On Apple’s part, it’s smart marketing because, this will encourage (and even force) users to upgrade their timepieces in order to continue gaining the benefits and convenience from the Apple Watch. Apps that are used on the Apple Watch will likely need an updated operating system (either the most current or close to it) in order to continue functioning properly and giving the Apple Watch its greatest value. Those who want to keep their Apple Watch version for a long period of time (say, 5+ years or more) likely won’t be able to upgrade the iOS operating system after a while either due to technology incompatibilities, lack of storage space, or some other reason (much like the issues with the iPad 2 and even with the iPad 3 and iPad 4).
Thus, I suspect that after two to three years (maybe five years, max), the current Apple Watch won’t be able to handle the iOS updates and/or the updated apps needed to give the Apple Watch its greatest functionality. Thus, users will be faced with one of two choices- either purchase the newest (or at least newer) version of the Apple Watch or stop using the Apple Watch altogether. For diehard Apple fans who like the watch and have grown accustomed to its features and conveniences, that may be nearly impossible to do.
Thus, Apple has employed its marketing funnel again in order to get Apple Watch users to become paying customers AND remain paying customers (and that doesn’t even include utilizing iTunes and Apple Pay, two more ways to keep these customers as RECURRING paying customers).
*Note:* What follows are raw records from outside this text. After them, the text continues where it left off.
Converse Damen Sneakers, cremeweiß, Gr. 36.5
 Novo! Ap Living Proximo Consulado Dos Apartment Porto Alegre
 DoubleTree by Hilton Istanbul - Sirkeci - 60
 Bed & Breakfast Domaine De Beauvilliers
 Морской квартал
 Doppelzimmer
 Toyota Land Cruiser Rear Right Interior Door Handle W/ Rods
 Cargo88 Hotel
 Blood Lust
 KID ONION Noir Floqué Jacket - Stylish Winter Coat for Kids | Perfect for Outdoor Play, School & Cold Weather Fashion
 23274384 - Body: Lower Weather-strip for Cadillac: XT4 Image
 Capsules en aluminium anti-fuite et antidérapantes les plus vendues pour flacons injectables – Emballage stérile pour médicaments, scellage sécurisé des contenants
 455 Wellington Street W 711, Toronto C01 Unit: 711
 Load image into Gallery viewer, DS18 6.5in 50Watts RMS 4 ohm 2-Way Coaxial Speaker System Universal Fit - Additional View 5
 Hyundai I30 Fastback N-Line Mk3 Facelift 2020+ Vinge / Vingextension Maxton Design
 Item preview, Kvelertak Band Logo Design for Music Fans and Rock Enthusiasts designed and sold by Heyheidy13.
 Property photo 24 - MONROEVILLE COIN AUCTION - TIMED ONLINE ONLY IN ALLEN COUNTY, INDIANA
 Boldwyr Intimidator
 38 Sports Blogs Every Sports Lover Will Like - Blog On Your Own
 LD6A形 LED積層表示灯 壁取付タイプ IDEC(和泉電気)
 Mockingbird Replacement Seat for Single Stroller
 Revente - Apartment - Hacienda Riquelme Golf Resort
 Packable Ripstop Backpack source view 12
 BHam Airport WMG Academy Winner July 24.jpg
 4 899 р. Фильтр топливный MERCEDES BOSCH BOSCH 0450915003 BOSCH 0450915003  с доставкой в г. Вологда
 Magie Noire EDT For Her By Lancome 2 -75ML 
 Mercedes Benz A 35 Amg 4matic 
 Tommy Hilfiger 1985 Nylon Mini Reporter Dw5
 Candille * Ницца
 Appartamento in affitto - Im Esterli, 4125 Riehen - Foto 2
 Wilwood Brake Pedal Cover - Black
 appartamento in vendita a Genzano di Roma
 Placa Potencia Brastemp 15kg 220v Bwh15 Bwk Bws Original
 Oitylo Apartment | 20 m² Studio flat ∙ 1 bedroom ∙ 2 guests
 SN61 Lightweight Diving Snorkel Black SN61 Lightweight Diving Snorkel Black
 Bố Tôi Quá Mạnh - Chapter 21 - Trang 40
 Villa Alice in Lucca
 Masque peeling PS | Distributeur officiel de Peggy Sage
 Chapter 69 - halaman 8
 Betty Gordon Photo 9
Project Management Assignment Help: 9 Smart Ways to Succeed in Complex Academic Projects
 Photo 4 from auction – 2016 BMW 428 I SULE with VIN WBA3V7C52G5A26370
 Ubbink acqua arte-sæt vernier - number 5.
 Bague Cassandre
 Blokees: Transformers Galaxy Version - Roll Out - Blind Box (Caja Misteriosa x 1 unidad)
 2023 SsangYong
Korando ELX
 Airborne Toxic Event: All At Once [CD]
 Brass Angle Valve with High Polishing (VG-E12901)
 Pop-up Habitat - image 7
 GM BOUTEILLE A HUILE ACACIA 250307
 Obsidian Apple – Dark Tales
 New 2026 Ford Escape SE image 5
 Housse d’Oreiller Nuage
That is really what you want to see in a successful business- the ability to get AND KEEP paying customers in your funnel- that’s how you can make residual income long term, which is why Apple is doing so well in terms of revenues and stock price, as well as why it has so much cash on hand.
Therefore, if you really want to learn about marketing strategy and employ that into your own business and your own marketing methods, pay close attention to Apple’s product development and launch strategies – you can learn a great deal of how to set up your own product development cycles and marketing strategies in order to get customers to pay you and to keep paying you over a long period of time, while boosting and promoting your brand in the process.